Music is the universal language with the ability to break down barriers and join fierce opponents. The Winner’s Curse enchants with its lyrical prose, beautifully composed with such words as: “A rich emotion played across his features, offered itself, and asked to be called by its name. Hope.” Filled with musical alliteration, one cannot help but be drawn in as the story builds with each new character, like the careful orchestration of a symphony.
“The beauty of the flute was in its simplicity, in its resemblance to the human voice. It always sounded clear. It sounded alone. The piano, on the other hand, was a network of parts—a ship, with its strings like rigging, its case a hull, its lifted lid a sail.”
We begin with Kestrel, the 17-year-old daughter of a legendary general, who finds herself the new owner of a slave. Surprised by her own extravagant impulse which resulted in her becoming the winner in a bidding war, she tries to forget her purchase as she puts it to her steward to see to the slave’s new duties. But Arin’s steely defiance at the auction was what caught Kestrel’s attention in the first place and he is not so easily dismissed. Arin’s talents place him as their new blacksmith as well as Kestrel’s mandatory escort.
Every woman who is not a soldier requires an escort when walking about the city. By the age of twenty, every girl must make the choice to either marry or enlist. Kestrel is not exempt. In fact, her father is pressuring her to join him. Despite her mediocre fighting abilities, Kestrel is a brilliant military strategist. Some of her suggestions helped secure the Valorians’ victory in the Herran War, which provided Herrani slaves such as Arin.
As Kestrel and Arin learn more about each other and their respective people’s history, Kestrel’s understanding of the war, the Herrani people, and even her father is called into question. When unexpected rebellion reveals an uprising long in the making, loyalties are tested and more than political allegiance is at stake.
To be honest, I am not a big fan of political intrigue and military strategies. For the first two-thirds of the book, it provided the backdrop for character development and intruded little into the everyday life of its people. As the plot unfolded, it took center stage for the rest of the book. However, I must admit that the plot threads were intricately woven and only added more depth to its characters. It created dilemmas that carried that much more potential for emotional casualties.

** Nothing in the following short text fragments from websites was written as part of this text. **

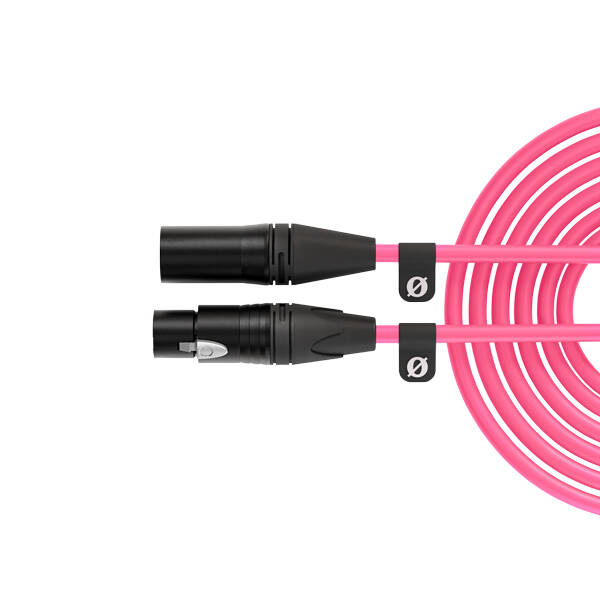 RODE - Kabel XLR 6m Pink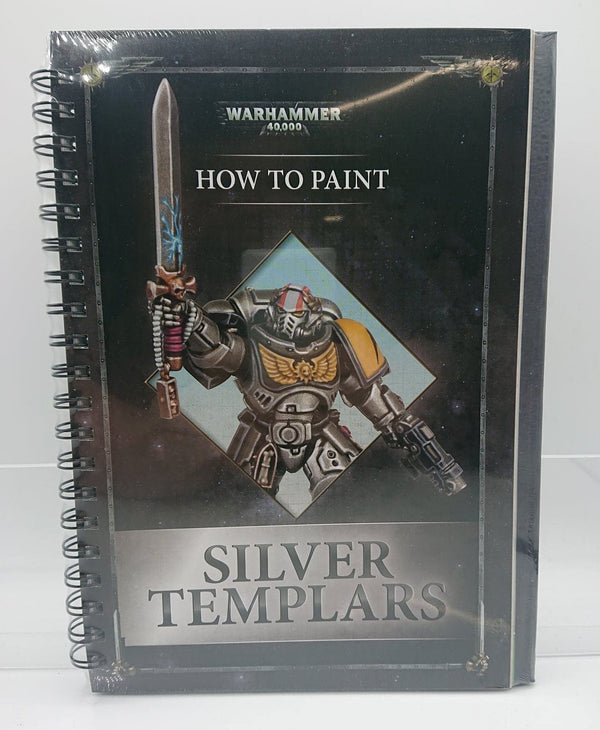 Silver Templars How To Paint Book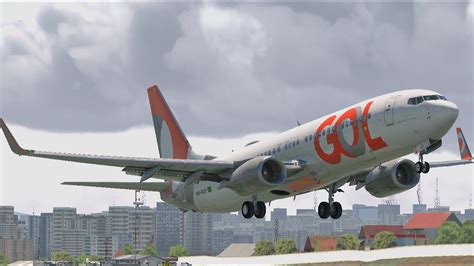 X Plane Gol Ops Cgh Vix Cgh Bps Boeing Pr Guy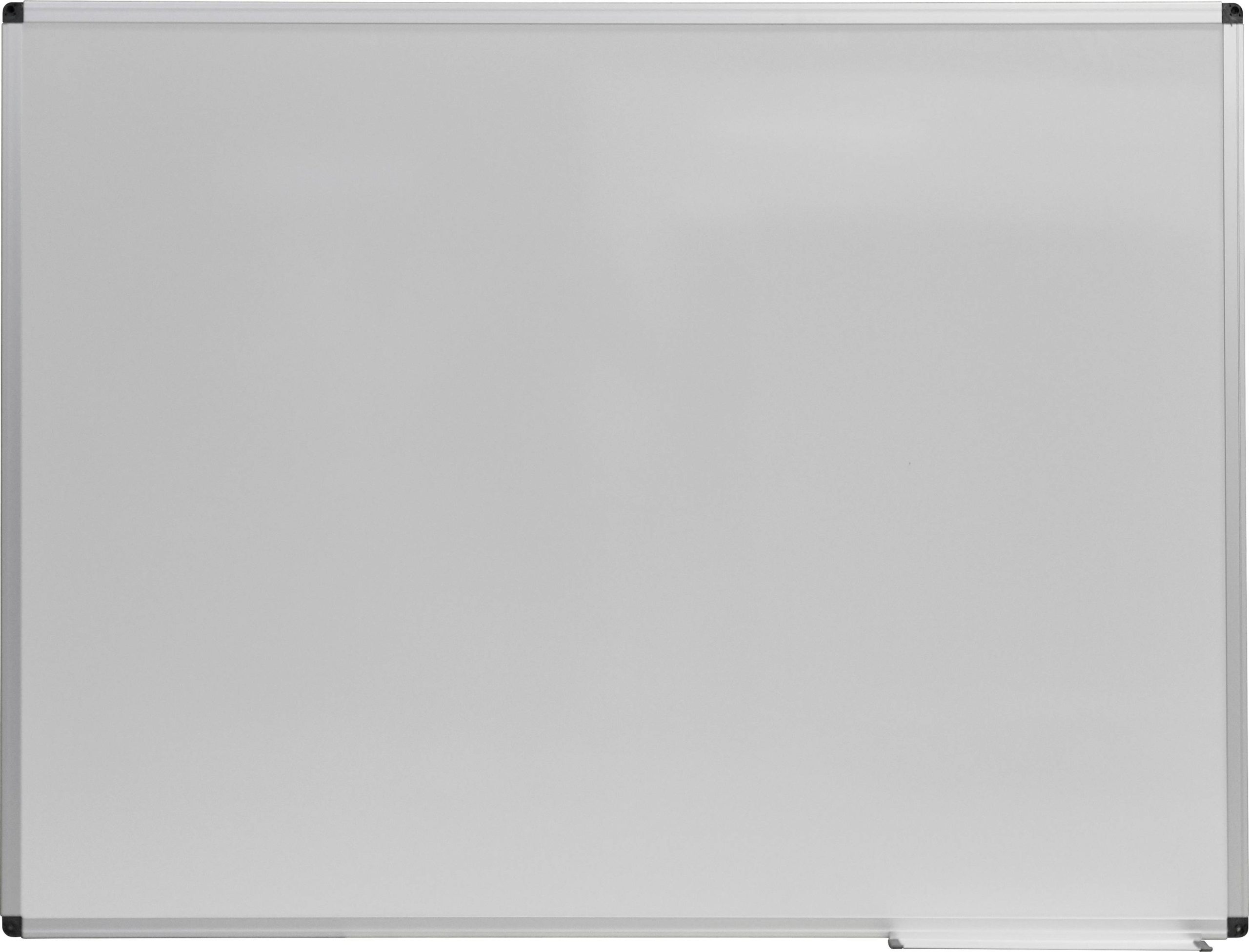 magnetoplan Whiteboard (b x h) 1240.00 mm x 35.00 mm Wit Speciaal gelakt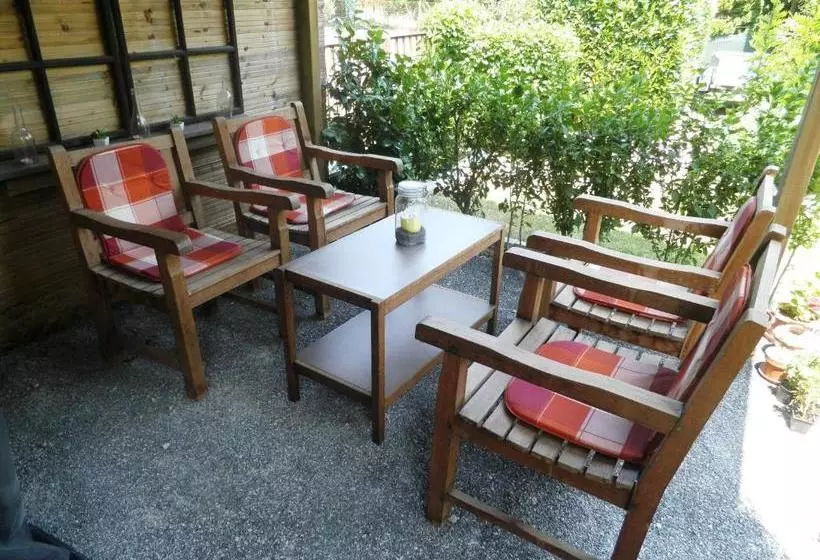 ホテル Appartment Balatongyoeroek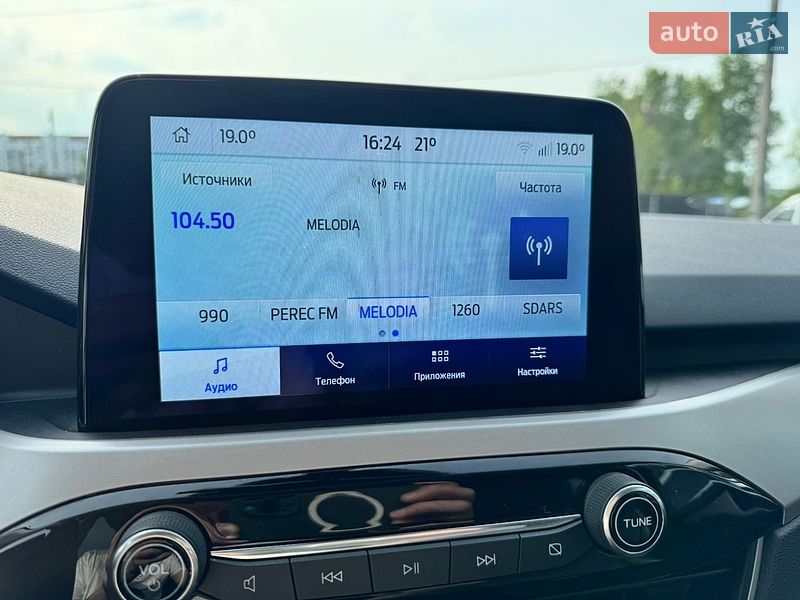 Внедорожник / Кроссовер Ford Escape 2022 в Черкассах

I am more than impressed by this author’s writing. It is poetry dressed up as a novel. Even though this is the beginning of a trilogy, this first book ended rather agreeably, enough to keep the suspense but not so abruptly as to add to the torment of waiting for the next installment. I look forward to reading more captivating metaphors like this:
“…the memory…beaded bright in her dark mind, strung itself out like liquid jewels, distilled down the way alcohol does, or a volatile chemical, growing stronger when forced to reduce.”
And to soak up more musically inspired depictions.